Starscream wired himself in and transferred the programs, then pulled out and patched in the recorder. “I’m going to shut you down manually so the corrupted files can be repaired,” he said.
“And if I don’t want you to?”
“Then Skywarp is going to sit on you and I’m going to shut you down manually so the corrupted files can be repaired.” Skywarp pushed Thundercracker to lie on his back and Starscream popped open his cockpit and pressed the three digit entry code that released the cover over the switch. “On the count of three,” he said, hand on the switch. “One.” He flipped it.
It took a full minute for Thundercracker’s systems to shut down, right down to his fuel pump. When the last whirring of fans stopped, Skywarp looked at his commander. Starscream’s hand was still in Thundercracker’s cockpit, and he had a thoughtful little frown on his face. “Starscream?”
“Did he not put up a fight because he knew he couldn’t win or because he’s a fool and trusts us?” Starscream mused aloud.
“Turn him back on, Starscream,” Skywarp said quietly. Until Starscream flipped the switch back, Thundercracker was dead. Technically, physically, literally dead.
Starscream flipped the switch on and closed Thundercracker’s cockpit with something resembling tenderness. Internal gears whirled as he booted up, lights along his pilot array flickering on and off to indicate status. They all came on at once, and then everything stalled. Skywarp waited a minute for it to resume, then fidgeted for another minute. “Let it scan,” Starscream said, optics burning on Thundercracker.
“Is it supposed to take this long?” Skywarp wondered.
Starscream snapped, “Yes,” but he laid his hand on Skywarp’s shoulder.
“Are you sure?” he asked five minutes later.
“It’s got a lot of files to replace, and even more to go through. Give it time,” Starscream told him.
“How long is it going to take?”
“As long as it takes.”
“Well how long did it take you?” Skywarp demanded, frustrated.
“I didn’t shut down.” All the lights on Thundercracker’s display suddenly blinked out and the comforting noises of a living robot slowed, then stopped.

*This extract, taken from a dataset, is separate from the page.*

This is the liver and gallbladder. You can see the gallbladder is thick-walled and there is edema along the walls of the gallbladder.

“TC!” Skywarp cried, lunging for him.
“Calm down!” Starscream ordered, holding him back. “He’s just restarting. See?” Indeed, the lights were coming back on, systems audibly powering up. “I thought you were supposed to be the stable one of us,” he groused, letting him go.

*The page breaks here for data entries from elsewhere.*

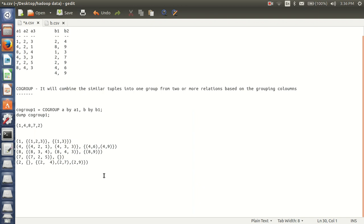Hey guys, this is Subhash. Welcome to this Pig tutorial for beginners. In this video, I would like to continue with cogroup 1. So in the last video, we have seen cogroup 1.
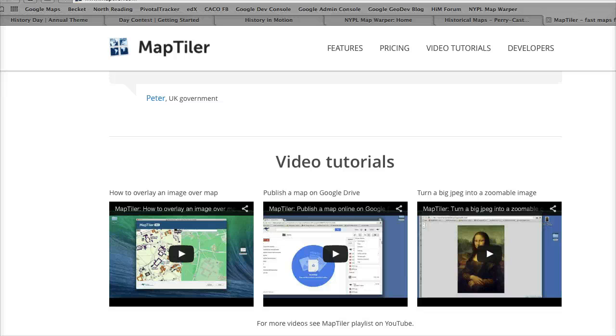In our next video, we'll look at how to obtain a map from the New York Public Library, process it with MapTiler, and then load it into History in Motion.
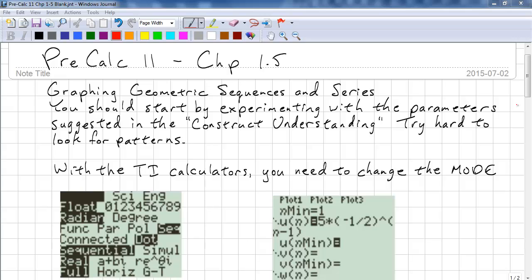This is Pre-Calc 11, Chapter 1.5. This time we're going to look at graphing geometric sequences and series. You should start by experimenting with the parameters suggested in the Construct Understanding, and try hard to look for the patterns. If you're stuck, then continue with this video.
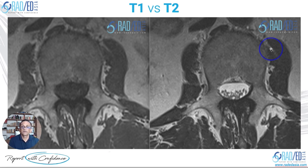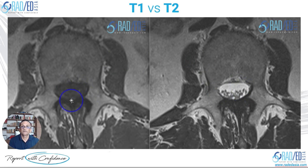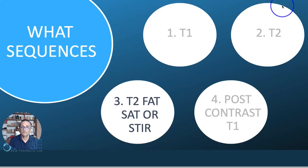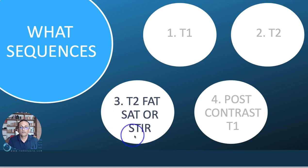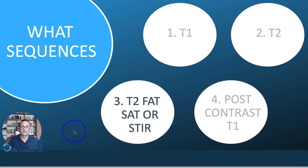Looking at these two side by side: T1 has dark CSF, T2 has bright CSF. Fat is bright on both of them. The third type of sequence you need to know about is a T2 fat saturation, or a different type of scan which produces the same result called a STIR sequence.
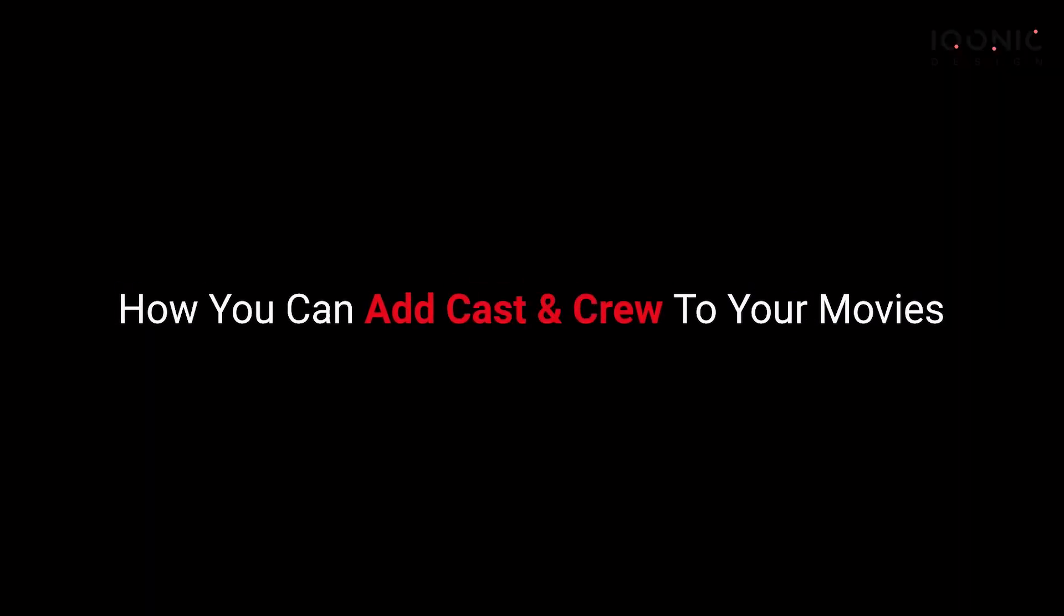Hi everyone, I'm Diyah Patil from Iconic Design. In this video, we will see how you can add cast and crew to your movies. So let's get started with the video.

Skywarp pulled the desk chair over to the side of the berth and covered one of Thundercracker’s hands with his own. When Thundercracker’s optics came online, brighter than they had been in days, Skywarp grinned down at him. “Darkwing!” he chirped. “Tu est bon! Je suis heureuse!”
The look of sheer panic on Thundercracker’s face at that was more than enough repayment for all the trouble he had been. Starscream saved the image to properly savor later and smacked Skywarp across the back of the head. “Your French is terrible,” he said. “Now get out of my way.” Skywarp obediently warped to the end of the berth, giggling. “Thundercracker,” Starscream continued, taking no notice of him, “sit up. I need to make sure it worked.” Thundercracker sat up and bent his head forward when Starscream tapped the back of his helmet. Starscream plugged in and scanned him while Skywarp grinned like a lunatic at them. “You’re clean,” he pronounced when he was done, switching Thundercracker’s sensors back on. Thundercracker shuddered as the sudden input overwhelmed him at first, and flicked his wings for the sheer joy of feeling air move against them –nowhere near flying, of course, but an unconscious gesture every Seeker made when his wings regained feeling. “Both of you are back on duty first thing tomorrow morning,” Starscream said.
“Today tomorrow or tomorrow tomorrow?” Skywarp asked, grinning still.
“Tomorrow tomorrow.” Starscream left, and Skywarp pounced.